* [Work order]: A faithful, word-for-word copy of the data below is required, without pictures.

* [Given material]:
=== Section Start ===

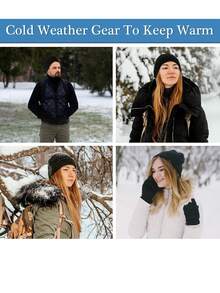 冬季无檐小便帽 + 围脖 + 触摸屏手套套装，柔软针织帽弹力手套保暖无檐小便帽套装，适合女性和男性礼物冬季无檐小便帽，颈部保暖器寒冷天气装备男女通用，温暖的冬季弹力针织手套帽子 - A - 查看 7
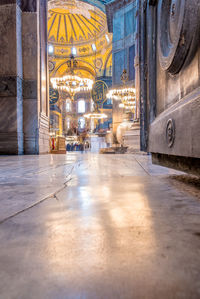 Interior of illuminated temple building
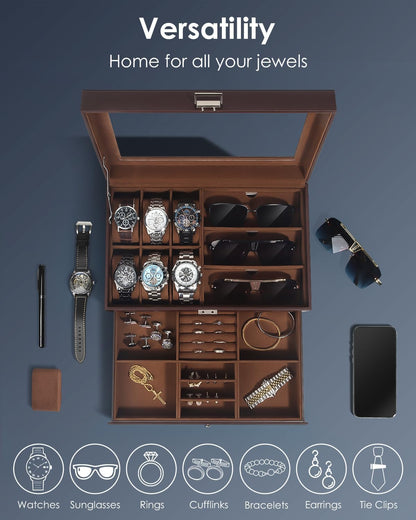 Watch Jewelry Box Organizer, 6-Slot 2-Layer Watch Case and Sunglasses Storage with Large Glass Lid, Men's Jewelry Box with Lock, Watch Holder Display Case, Gift for Men Women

=== Section End ===

* [Answer]:
 冬季无檐小便帽 + 围脖 + 触摸屏手套套装，柔软针织帽弹力手套保暖无檐小便帽套装，适合女性和男性礼物冬季无檐小便帽，颈部保暖器寒冷天气装备男女通用，温暖的冬季弹力针织手套帽子 - A - 查看 7
 Interior of illuminated temple building
 Watch Jewelry Box Organizer, 6-Slot 2-Layer Watch Case and Sunglasses Storage with Large Glass Lid, Men's Jewelry Box with Lock, Watch Holder Display Case, Gift for Men Women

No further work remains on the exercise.